**TASK DESCRIPTION**.
Your task is to return, word for word, only the lines from the line with "Couple sitting and" through the close of the data. Exclude all pictures.

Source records

=== Section Start ===

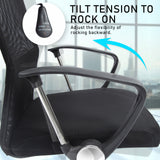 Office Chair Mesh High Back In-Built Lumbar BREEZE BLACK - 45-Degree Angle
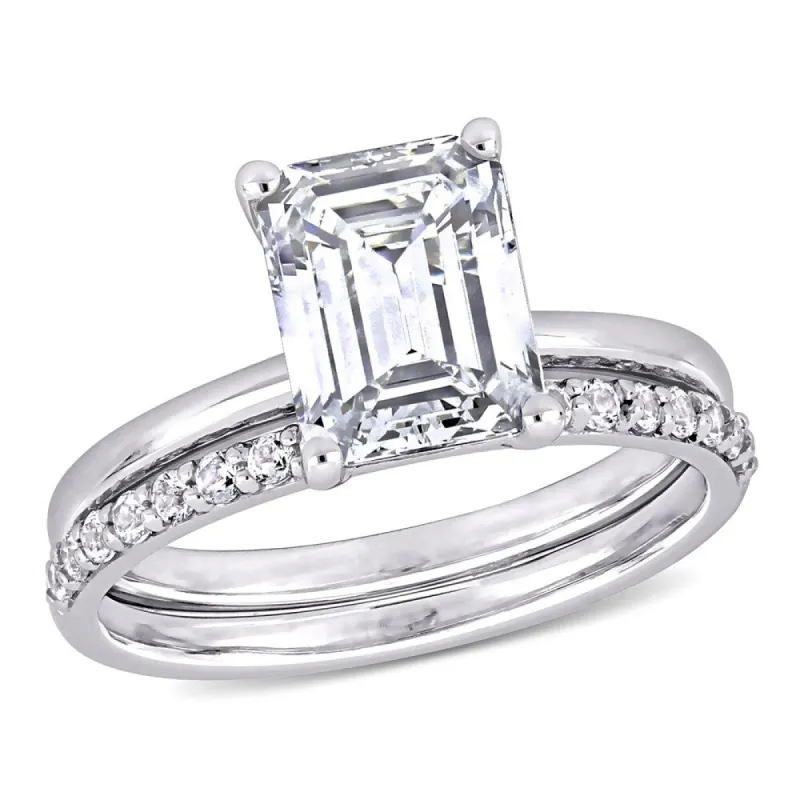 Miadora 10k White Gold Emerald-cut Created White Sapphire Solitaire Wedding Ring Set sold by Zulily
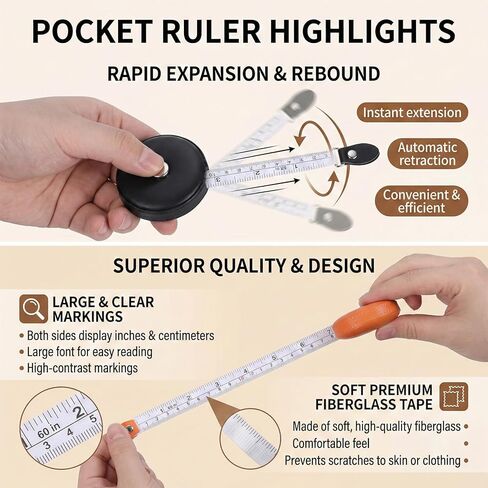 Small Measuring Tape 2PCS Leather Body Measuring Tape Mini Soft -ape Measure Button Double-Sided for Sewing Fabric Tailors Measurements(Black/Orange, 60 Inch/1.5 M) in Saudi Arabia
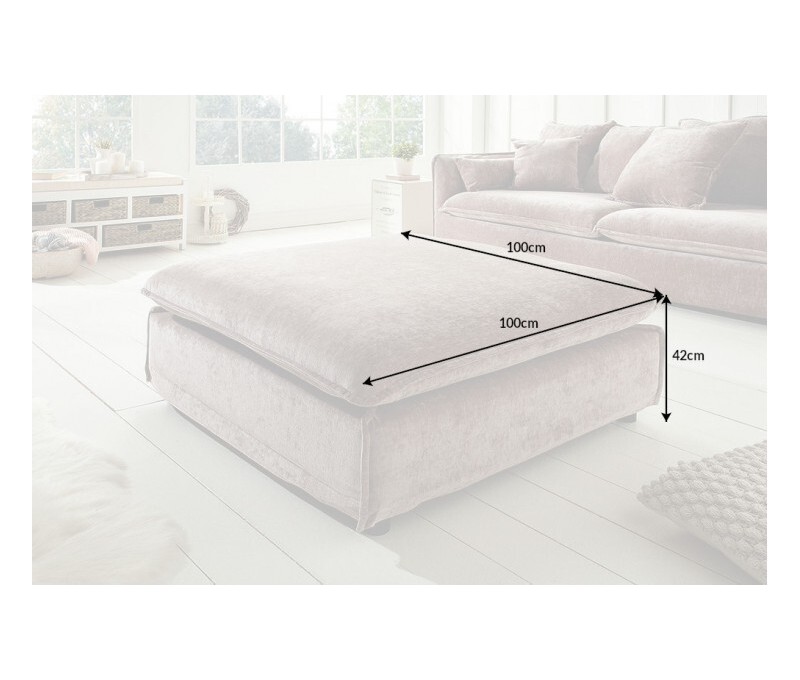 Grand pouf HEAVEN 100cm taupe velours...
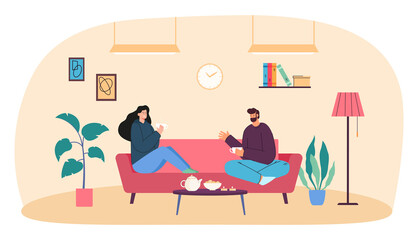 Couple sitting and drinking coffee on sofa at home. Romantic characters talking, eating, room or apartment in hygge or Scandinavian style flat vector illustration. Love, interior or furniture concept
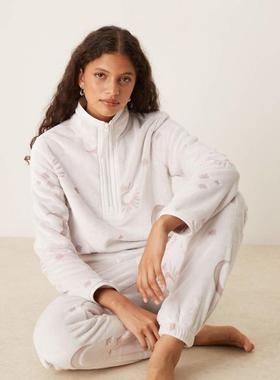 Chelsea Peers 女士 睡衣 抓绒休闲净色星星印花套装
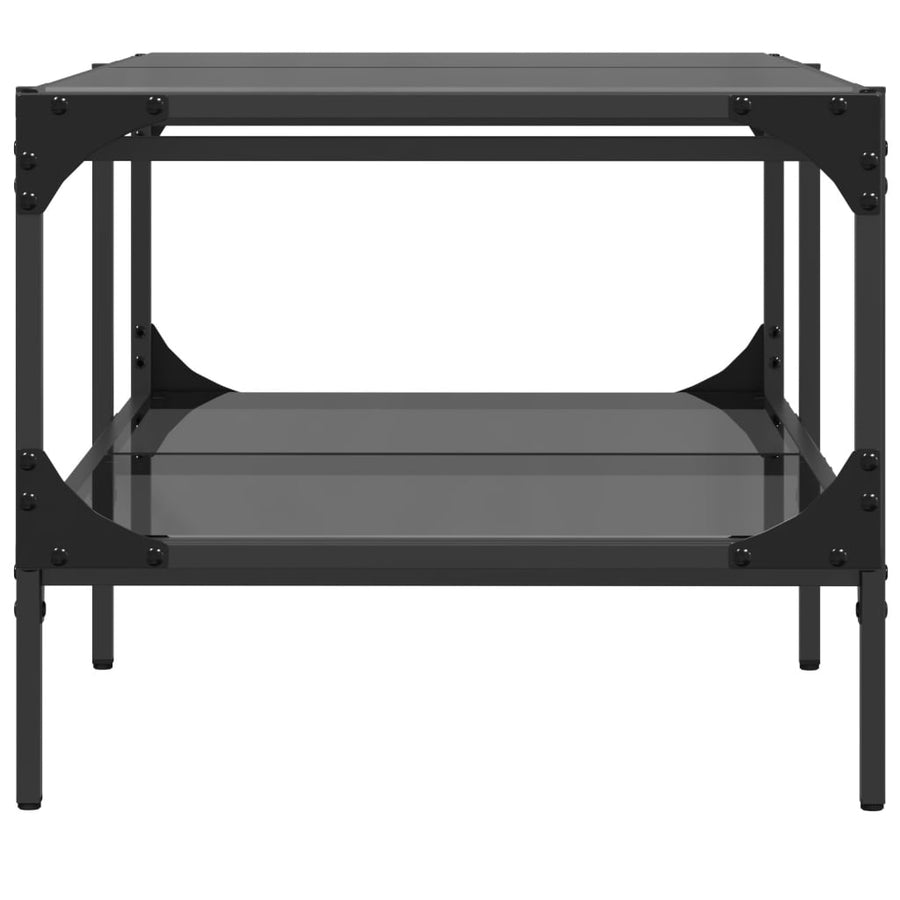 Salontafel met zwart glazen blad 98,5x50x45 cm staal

=== Section End ===

**TASK OUTPUT**.
 Couple sitting and drinking coffee on sofa at home. Romantic characters talking, eating, room or apartment in hygge or Scandinavian style flat vector illustration. Love, interior or furniture concept
 Chelsea Peers 女士 睡衣 抓绒休闲净色星星印花套装
 Salontafel met zwart glazen blad 98,5x50x45 cm staal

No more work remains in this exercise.